Hey, I like mocking government inefficiency as much as the next person. But the frequency of this response is emblematic of a deeper problem in America, which political scientists Jacob Hacker and Paul Pierson call “American Amnesia.” We have collectively forgotten the degree to which we owe our prosperity to proactive government investments in research & development, infrastructure and public health made in the 1950s, ’60s and ’70s.
Other scholars take the premise even further. Not only is government an important partner of prosperity, it is the primary driver of innovation. Building on the work of Mariana Mazzucato, Ben Tarnoff puts it this way in The Guardian: “…nearly every major innovation since the second world war has required a big push from the public sector, for an obvious reason: the public sector can afford to take risks that the private sector can’t.
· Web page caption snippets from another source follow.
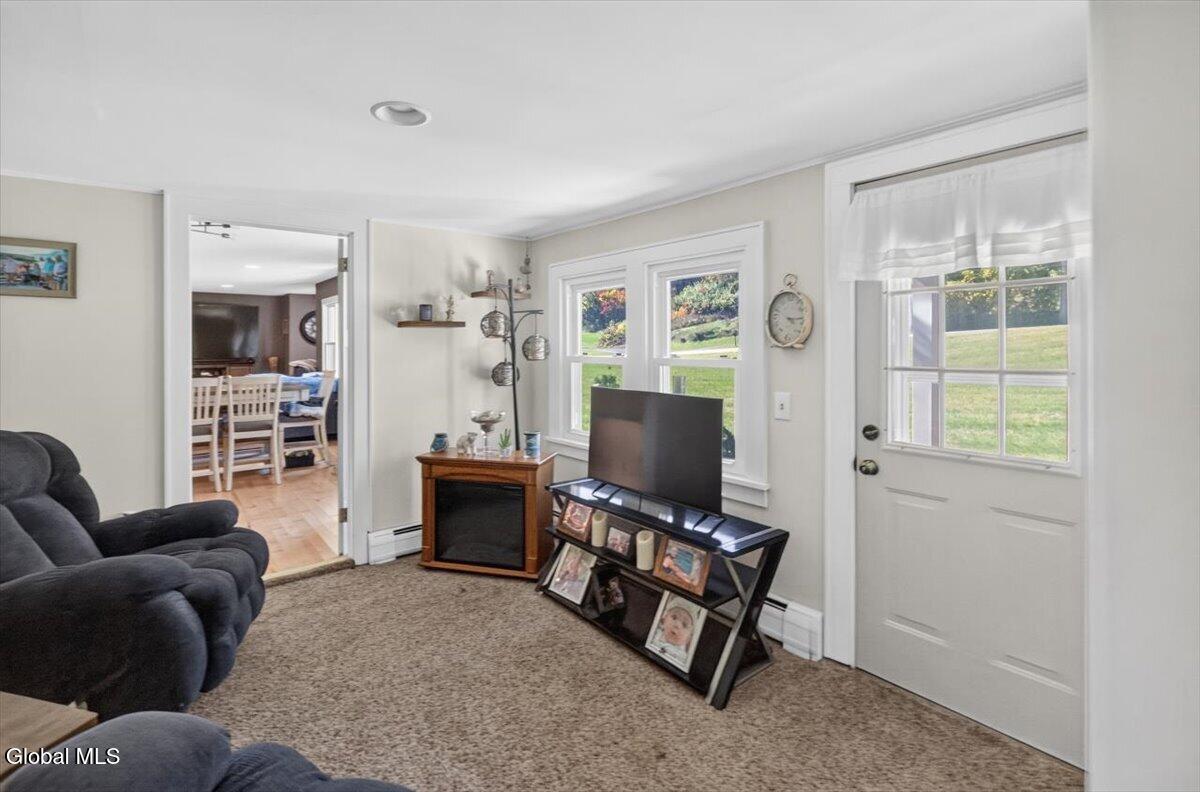 586-592 Starr Road Ravena NY 12143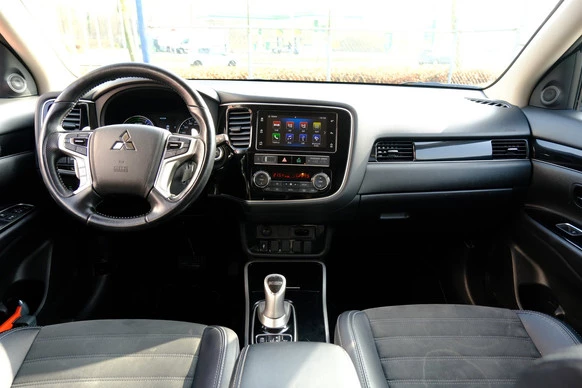 Mitsubishi Outlander - Afbeelding 13 van 30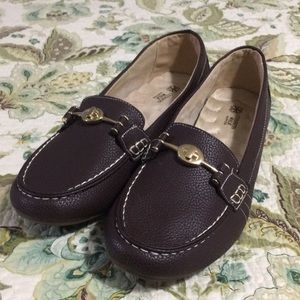 AVON Cushion Walk Brown with Gold Loafers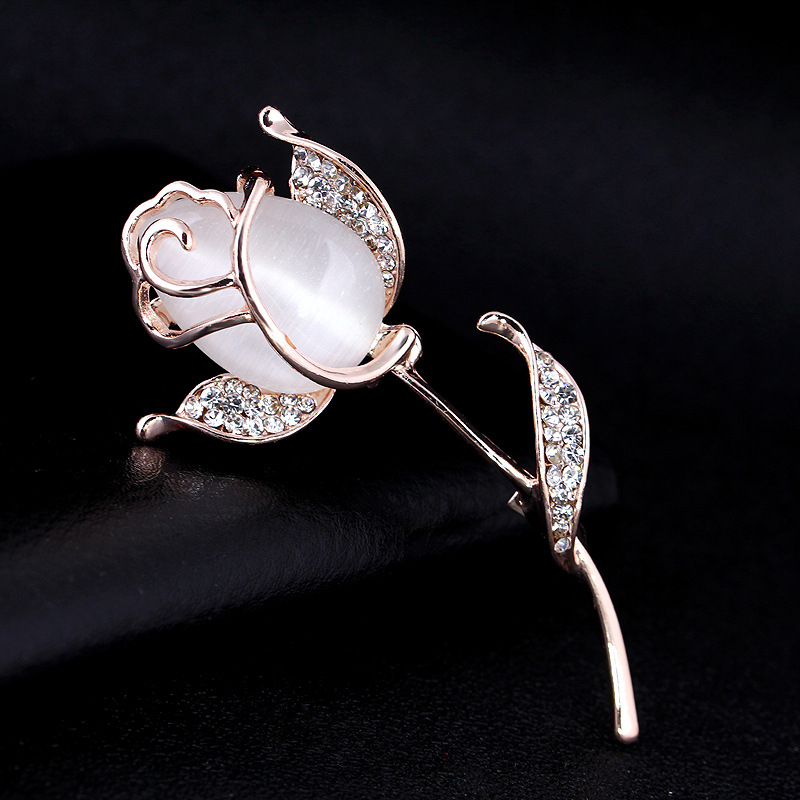 Korean Brooch Image 4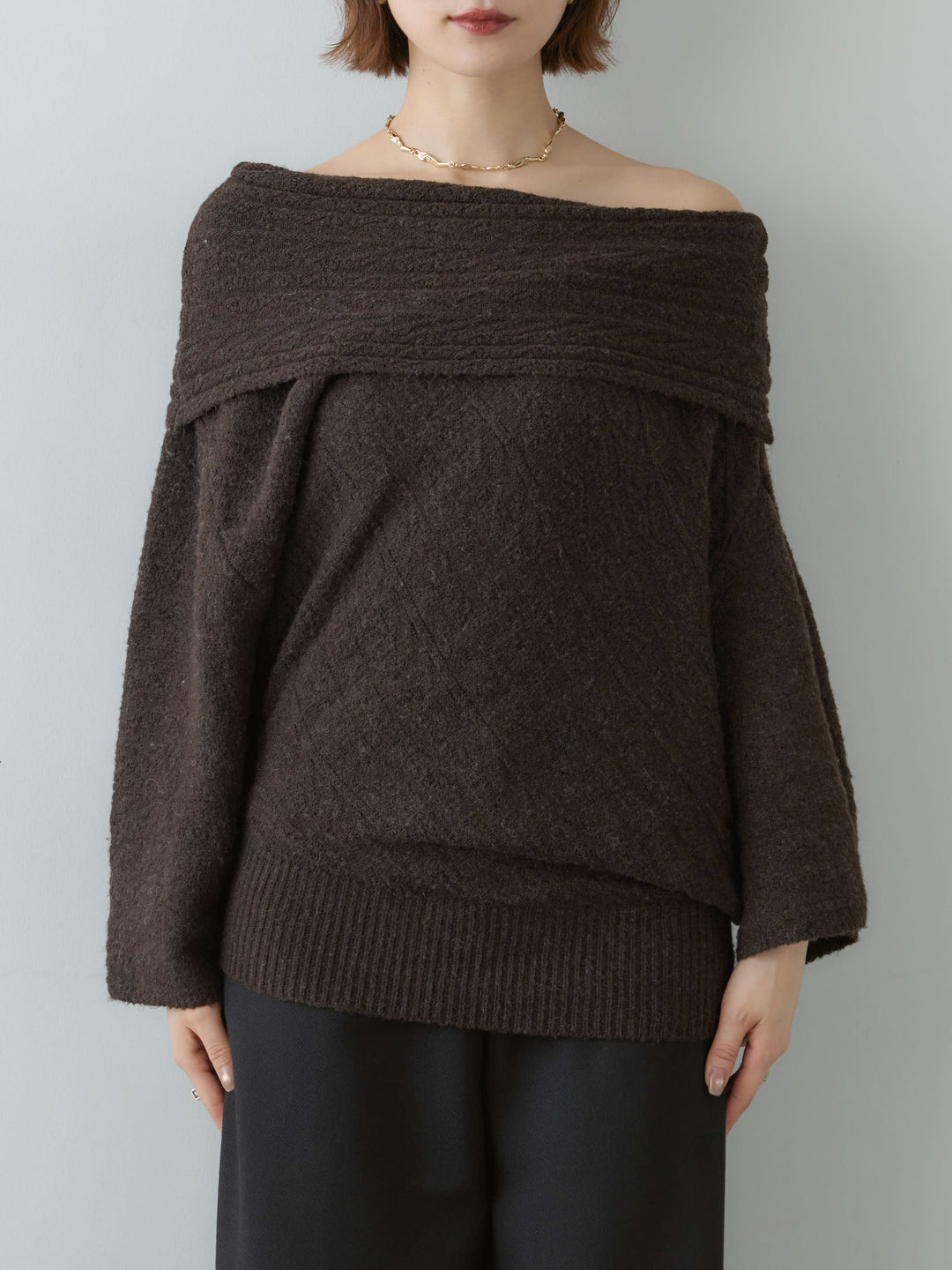 [予約]アシメデザインオフショルニットトップス/brown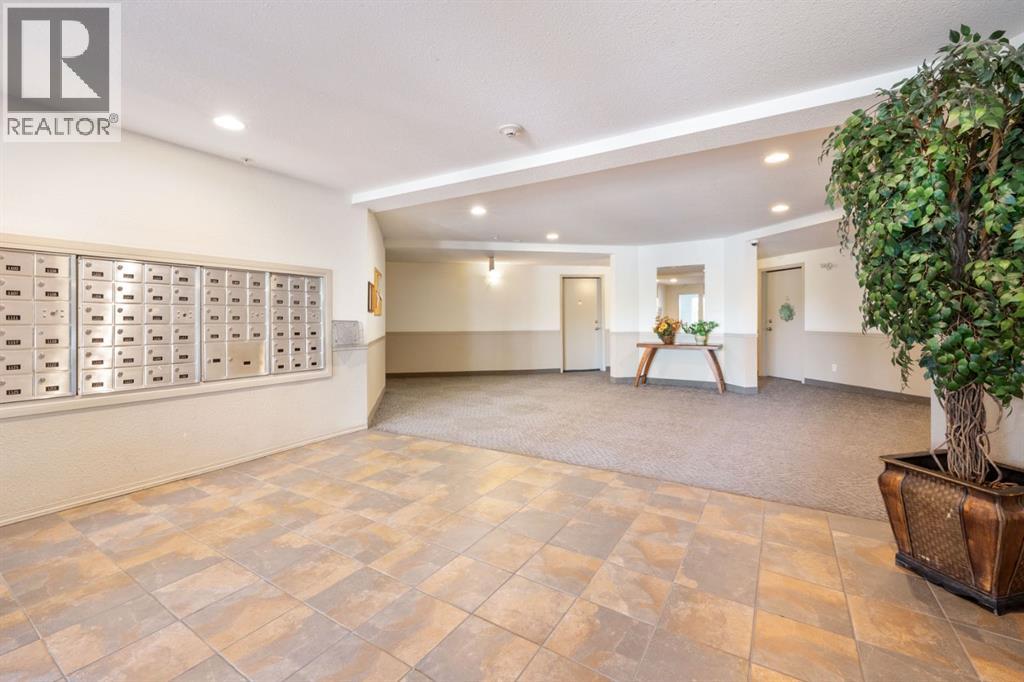 Apartment for Sale in 1102, 2395 Eversyde Avenue SW|Calgary, Alberta T2Y0B4 4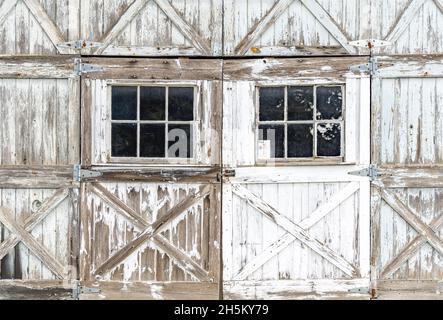 ensemble de vieilles portes de grange Banque D'Images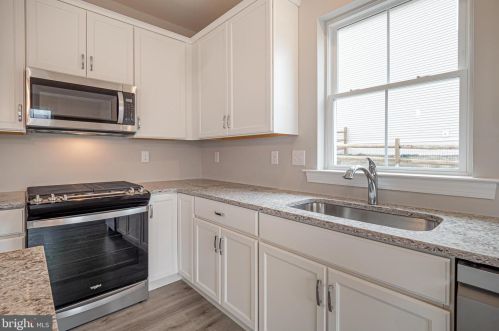 706 Hornblende Ave, Kennett Sq PA  19348-3614 exterior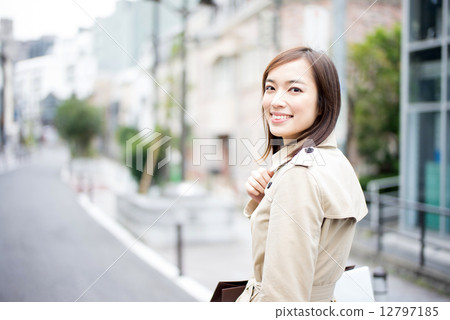 Woman shopping 12797185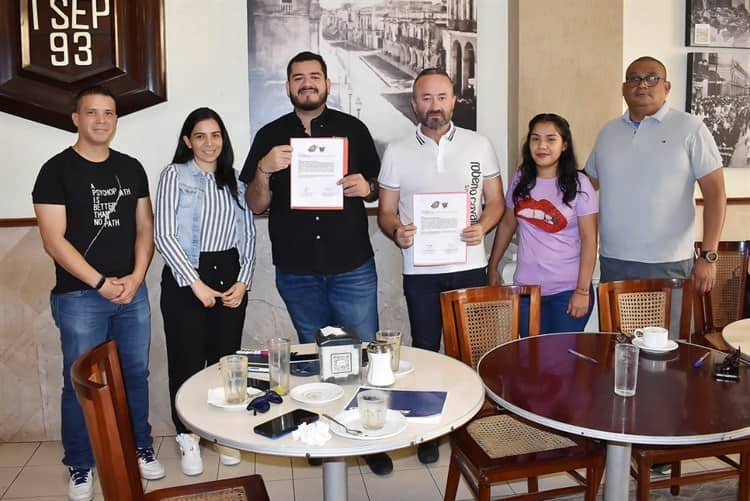 Firma Liga Formativa convenio con Toros Boca FC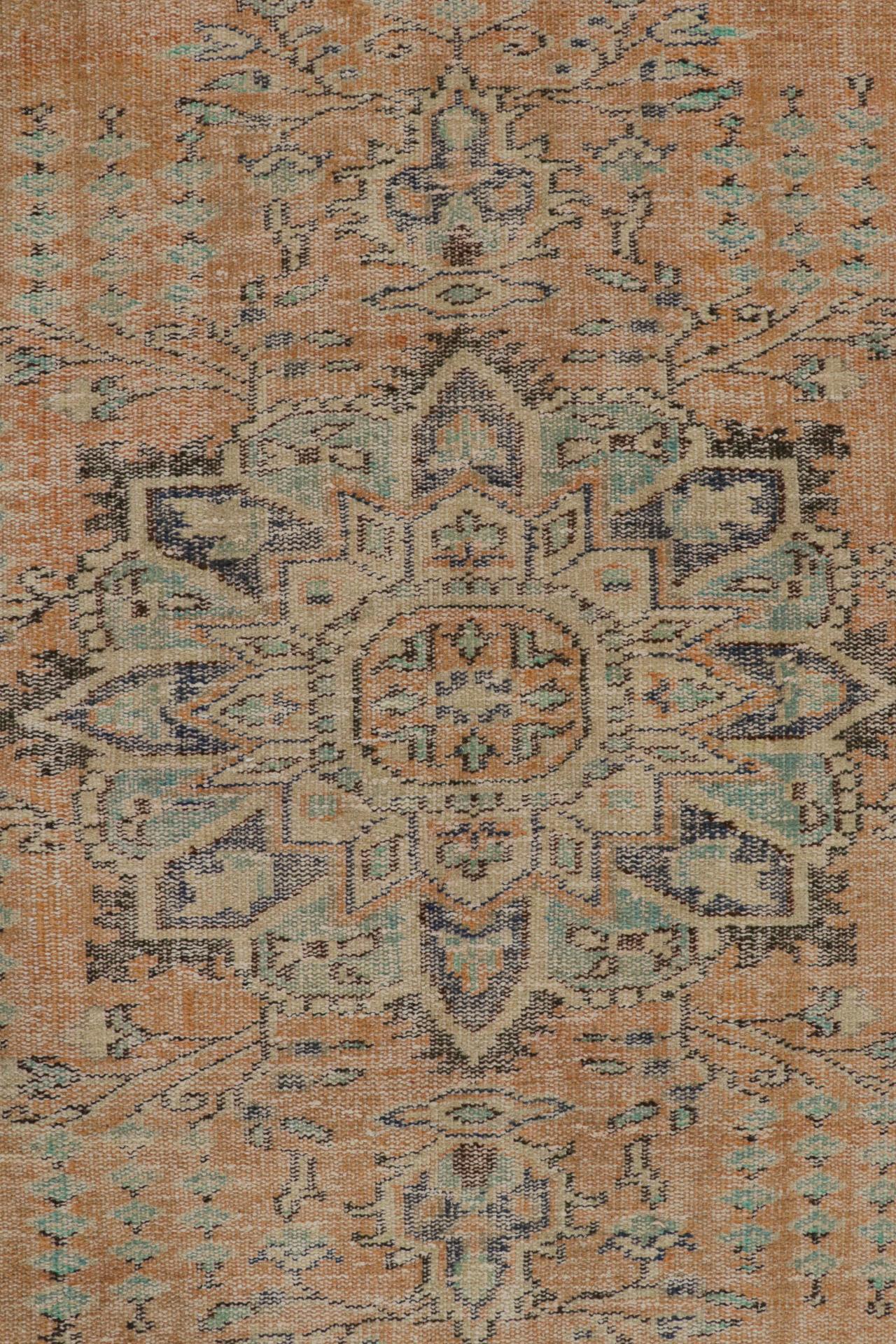 Vintage Zeki Müren Teppich im persischen Stil mit zentralem Medaillon, von Rug & Kilim im Zustand „Gut“ im Angebot in Long Island City, NY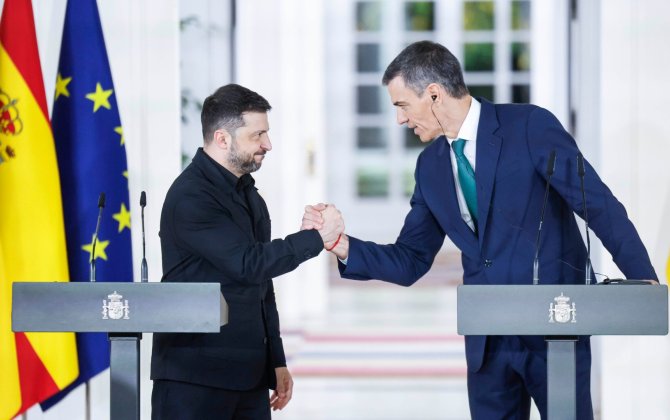 Испания выделит 1 млрд евро на военную поддержку Украины в 2026 году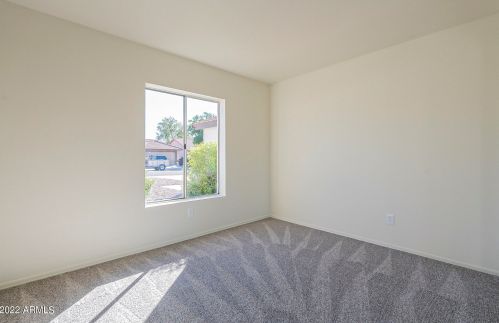 1244 Scott Ave, Gilbert AZ 85234-3670 exterior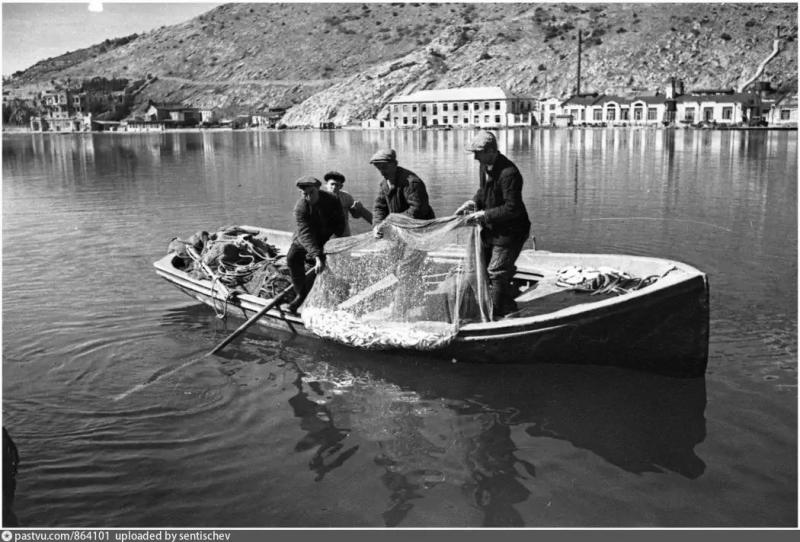 Балаклава. Рыбаки с уловом. 1941 г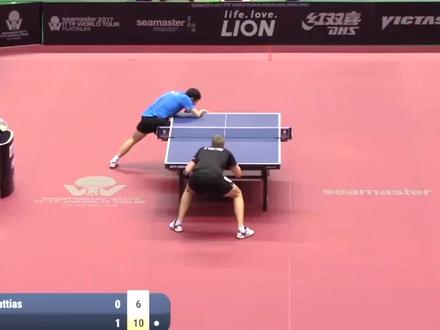 盘点许昕背后击球名场面:视频结尾马龙竟还来了个换手击球#许昕 #乒乓球 #背后击球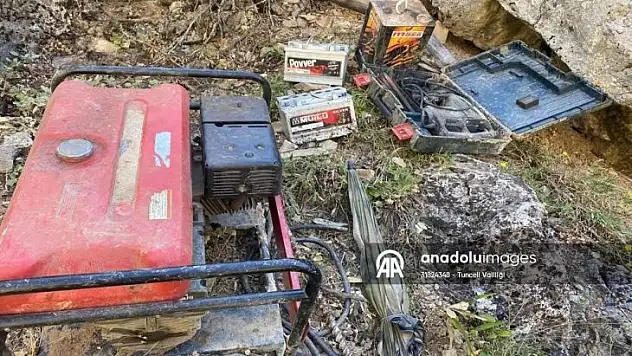 Tunceli'de teröristlerin kullandığı 4 sığınak imha edildi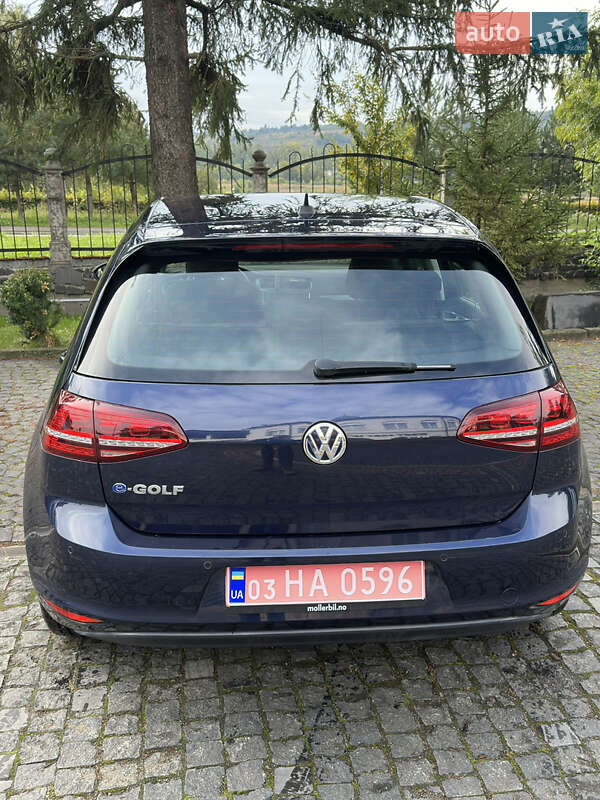 Хэтчбек Volkswagen e-Golf 2015 в Львове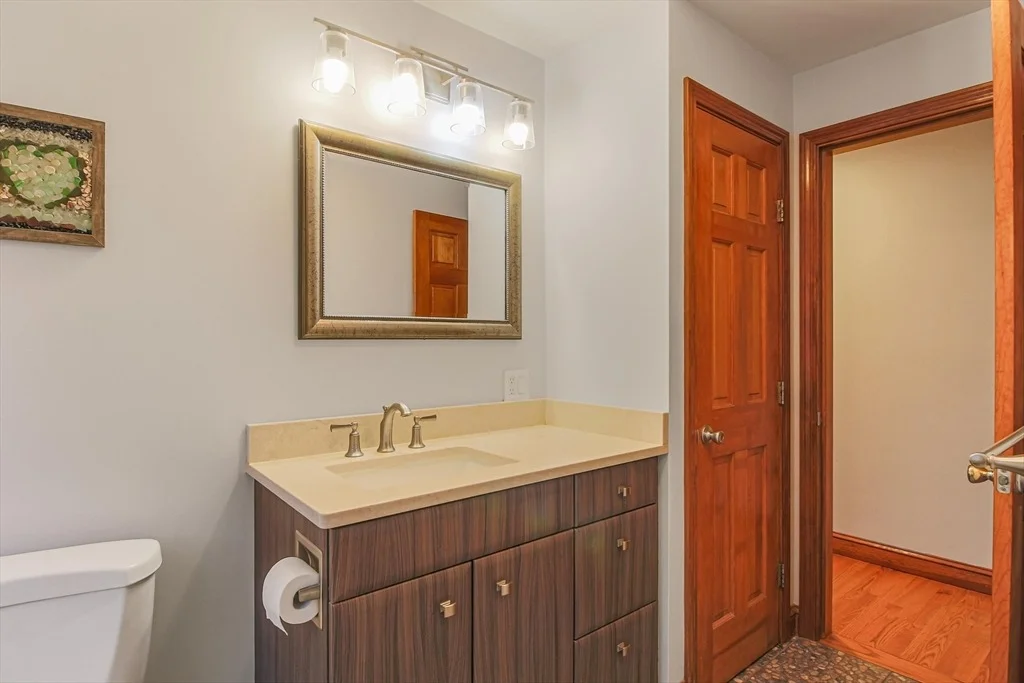 Photo of 26 Middlemost Way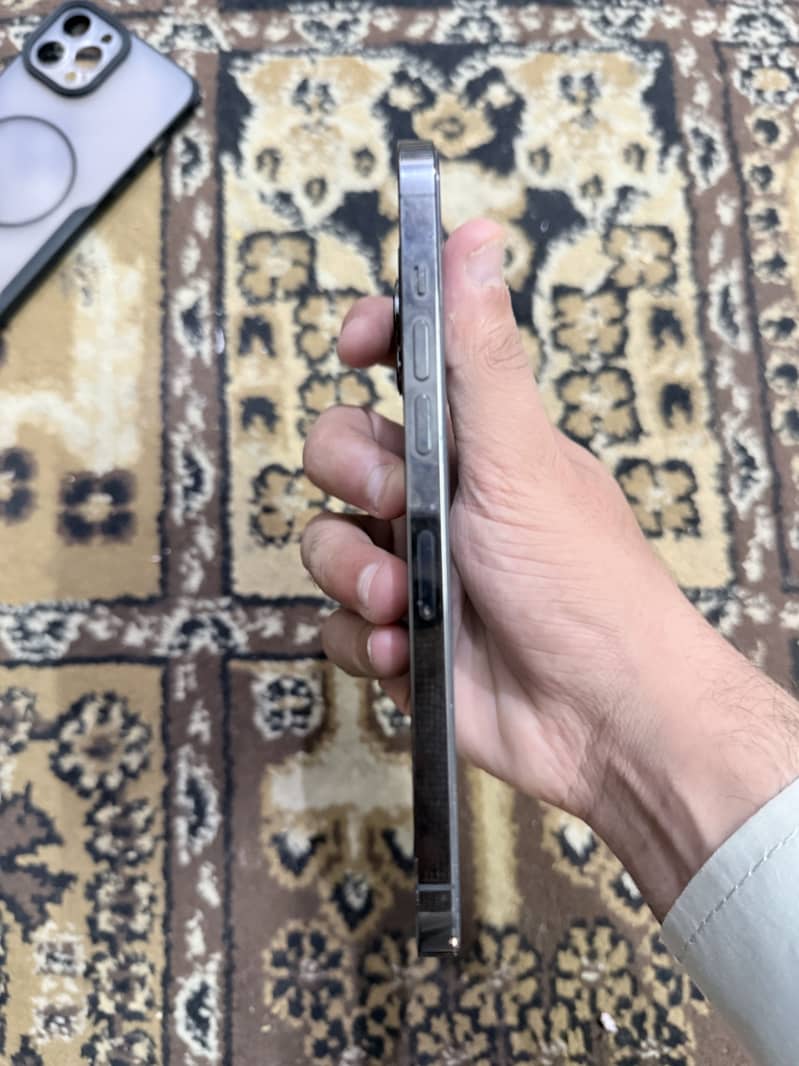 Apple iPhone 12 Pro Max 4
Conventional wisdom says that market forces foster innovation. In fact, it’s the government’s insulation from market forces that has historically made it such a successful innovator. It doesn’t have to compete, and it’s not at the mercy of investors demanding a share of its profits. It’s also far more generous with the fruits of its scientific labor: no private company would ever be so foolish as to constantly give away innovations it has generated at enormous expense for free, but this is exactly what the government does.”
So yes, there’s plenty of innovation in government, from the federal level down to the local. Check out the wonderful finalists for the aforementioned Harvard award if you don’t believe me. Or our “how-to” library on this site. Or the Alliance for Innovation. I could go on, but the point is: we need to support more of this innovation rather than waiting for the private sector.